Cars are so much better, I shudder at the earlier model Holdens and Fords were making, how long the Australian car industry got away with making death traps for so long through tariif and quota protection. Finally they HAD to come kicking and screaming installing seat belts, improved braking -disc brakes (from drums), better suspension and dampening – 4 coil suspension and later independant rear suspension from rear cart leaf springs, double acting/ gas shock absorbers (from mushy single acting oil shockies), more precise steering, then ABS, airbags, traction control and now electronic stability control.
Despite airbags, seat belts are still important, I have heard of one report mentioning after Princess Dianna’s death all occupants would have survived had they been wearing seatbelts, the multitude of airbags in that Merc was insufficient to save them.
One occupant did survive: the body guard. He was the only one wearing a seat belt.
I have to say that since turning 70, I’ve pretty well given up my “boy-racer” driving style. I’ve historically driven fast, but with high awareness and concentration, racing-driver reflexes and respect for other drivers, and have driven safely – I’ve noticed over the years that those who drive fast usually have higher awareness and more regard for other drivers. I had a minor injury accident in Asian Turkey in 1970 when I had the choice of driving my Mini-Cooper into a gorge or having a head-on collision on a single-lane bridge. I chose the collision.

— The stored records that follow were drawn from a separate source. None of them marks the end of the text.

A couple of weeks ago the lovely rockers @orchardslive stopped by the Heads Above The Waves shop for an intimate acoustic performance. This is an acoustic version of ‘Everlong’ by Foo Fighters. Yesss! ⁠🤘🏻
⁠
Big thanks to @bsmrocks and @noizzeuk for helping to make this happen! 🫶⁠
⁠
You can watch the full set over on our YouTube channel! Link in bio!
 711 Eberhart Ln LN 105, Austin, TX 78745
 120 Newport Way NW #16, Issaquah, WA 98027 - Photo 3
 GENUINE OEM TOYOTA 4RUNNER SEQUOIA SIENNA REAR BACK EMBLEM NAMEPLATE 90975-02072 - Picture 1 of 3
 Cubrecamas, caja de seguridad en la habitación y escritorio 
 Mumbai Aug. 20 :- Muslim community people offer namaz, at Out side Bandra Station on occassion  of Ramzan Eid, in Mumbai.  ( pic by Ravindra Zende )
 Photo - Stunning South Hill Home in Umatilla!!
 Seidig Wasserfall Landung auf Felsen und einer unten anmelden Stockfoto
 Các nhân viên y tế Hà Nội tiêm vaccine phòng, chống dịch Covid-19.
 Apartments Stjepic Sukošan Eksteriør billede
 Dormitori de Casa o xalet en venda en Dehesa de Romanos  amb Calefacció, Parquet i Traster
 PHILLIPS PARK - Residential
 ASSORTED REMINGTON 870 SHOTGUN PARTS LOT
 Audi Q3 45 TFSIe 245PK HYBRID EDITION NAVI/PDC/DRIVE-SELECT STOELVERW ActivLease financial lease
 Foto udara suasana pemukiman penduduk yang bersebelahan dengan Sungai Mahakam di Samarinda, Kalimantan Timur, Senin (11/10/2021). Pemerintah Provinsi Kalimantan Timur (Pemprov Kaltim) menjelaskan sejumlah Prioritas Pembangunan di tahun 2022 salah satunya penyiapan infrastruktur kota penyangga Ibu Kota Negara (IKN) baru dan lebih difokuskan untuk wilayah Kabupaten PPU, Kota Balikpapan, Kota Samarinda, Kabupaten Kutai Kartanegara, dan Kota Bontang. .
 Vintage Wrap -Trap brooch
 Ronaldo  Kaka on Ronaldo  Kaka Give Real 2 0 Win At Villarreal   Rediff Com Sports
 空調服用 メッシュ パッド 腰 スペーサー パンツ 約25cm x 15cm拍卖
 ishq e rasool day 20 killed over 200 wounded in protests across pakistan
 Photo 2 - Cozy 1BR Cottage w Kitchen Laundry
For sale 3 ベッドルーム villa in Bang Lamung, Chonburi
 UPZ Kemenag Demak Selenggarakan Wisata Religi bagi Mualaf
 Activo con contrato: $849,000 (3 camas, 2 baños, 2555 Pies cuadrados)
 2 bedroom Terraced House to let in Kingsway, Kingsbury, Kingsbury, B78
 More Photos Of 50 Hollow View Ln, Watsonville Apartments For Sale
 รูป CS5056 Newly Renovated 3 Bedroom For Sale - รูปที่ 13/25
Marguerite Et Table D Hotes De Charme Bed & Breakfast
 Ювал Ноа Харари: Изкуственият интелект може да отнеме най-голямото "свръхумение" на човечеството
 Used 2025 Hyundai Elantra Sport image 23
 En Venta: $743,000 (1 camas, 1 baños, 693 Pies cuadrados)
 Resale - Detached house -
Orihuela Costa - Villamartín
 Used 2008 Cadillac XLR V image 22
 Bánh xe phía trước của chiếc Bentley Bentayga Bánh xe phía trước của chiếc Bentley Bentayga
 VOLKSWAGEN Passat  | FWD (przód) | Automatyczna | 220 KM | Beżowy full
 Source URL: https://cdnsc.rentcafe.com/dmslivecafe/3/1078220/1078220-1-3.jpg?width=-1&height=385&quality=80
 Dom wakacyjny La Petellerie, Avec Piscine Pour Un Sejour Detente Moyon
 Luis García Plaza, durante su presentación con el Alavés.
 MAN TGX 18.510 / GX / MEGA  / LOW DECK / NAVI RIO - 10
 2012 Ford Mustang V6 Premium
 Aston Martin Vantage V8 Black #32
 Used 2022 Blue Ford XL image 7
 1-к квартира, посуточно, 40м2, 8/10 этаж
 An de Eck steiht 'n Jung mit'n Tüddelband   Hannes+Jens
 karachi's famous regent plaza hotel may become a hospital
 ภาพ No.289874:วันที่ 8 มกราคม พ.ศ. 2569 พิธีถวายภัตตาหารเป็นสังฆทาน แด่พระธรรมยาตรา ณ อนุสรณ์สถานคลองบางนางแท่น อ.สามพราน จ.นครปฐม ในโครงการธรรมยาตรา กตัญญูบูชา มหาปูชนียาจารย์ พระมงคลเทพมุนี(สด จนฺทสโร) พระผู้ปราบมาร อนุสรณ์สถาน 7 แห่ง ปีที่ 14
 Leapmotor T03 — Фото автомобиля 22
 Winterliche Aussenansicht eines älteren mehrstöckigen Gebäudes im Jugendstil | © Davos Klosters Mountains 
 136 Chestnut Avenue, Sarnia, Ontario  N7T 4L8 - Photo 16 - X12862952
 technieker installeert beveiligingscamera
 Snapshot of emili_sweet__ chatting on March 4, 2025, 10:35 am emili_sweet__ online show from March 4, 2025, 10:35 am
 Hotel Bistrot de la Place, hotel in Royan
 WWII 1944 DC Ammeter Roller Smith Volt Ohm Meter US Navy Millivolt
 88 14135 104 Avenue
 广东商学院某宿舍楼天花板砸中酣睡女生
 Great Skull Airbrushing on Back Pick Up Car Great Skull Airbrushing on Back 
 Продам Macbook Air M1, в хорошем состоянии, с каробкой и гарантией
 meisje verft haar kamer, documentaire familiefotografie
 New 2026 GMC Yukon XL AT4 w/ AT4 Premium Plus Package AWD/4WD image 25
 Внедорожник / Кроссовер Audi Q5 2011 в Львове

I did have one bad accident, which continues to affect me 49 years later. I had been riding a motorcycle in a suicidal manner. A work friend organised a safe-driving talk by the the Chief Superintendent of the Metropolitan Police Driving School one evening. The next day, I was driving in accordance with the Chief’s eminently sensible advice and someone drove a car straight across a main road and into my leg, causing near-fatal injuries. The upside, vide Mike O’Ceirin, was that I had been close to suicide, faced with death (the medics thought I’d die; I knew I wouldn’t) I decided it was better to live. C’est la vie.
Not, Don, that I in any way disagree with concern for road safety.
As for the cricket, you wrote that “and very good it has been, too.” Well, as a Pom who was at the ‘Gabba, I can only say “The horror, the horror!”
“I shudder at the earlier model Holdens and Fords were making, how long the Australian car industry got away with making death traps for so long through tariif and quota protection.”
They got way with stealable cars for so many years, until the Japs showed them the way with electronic access systems.
I have just bought a Hyundai i40, and I have not seen a more finely assembled vehicle. Designed in Germany and manufactured and assembled in South Korea, it is a fine example of mechanical knowledge.
It is the most obedient car I have driven – it hugs the road so well, and obeys every driving command.
It is little wonder Oz lost the way in car manufacture.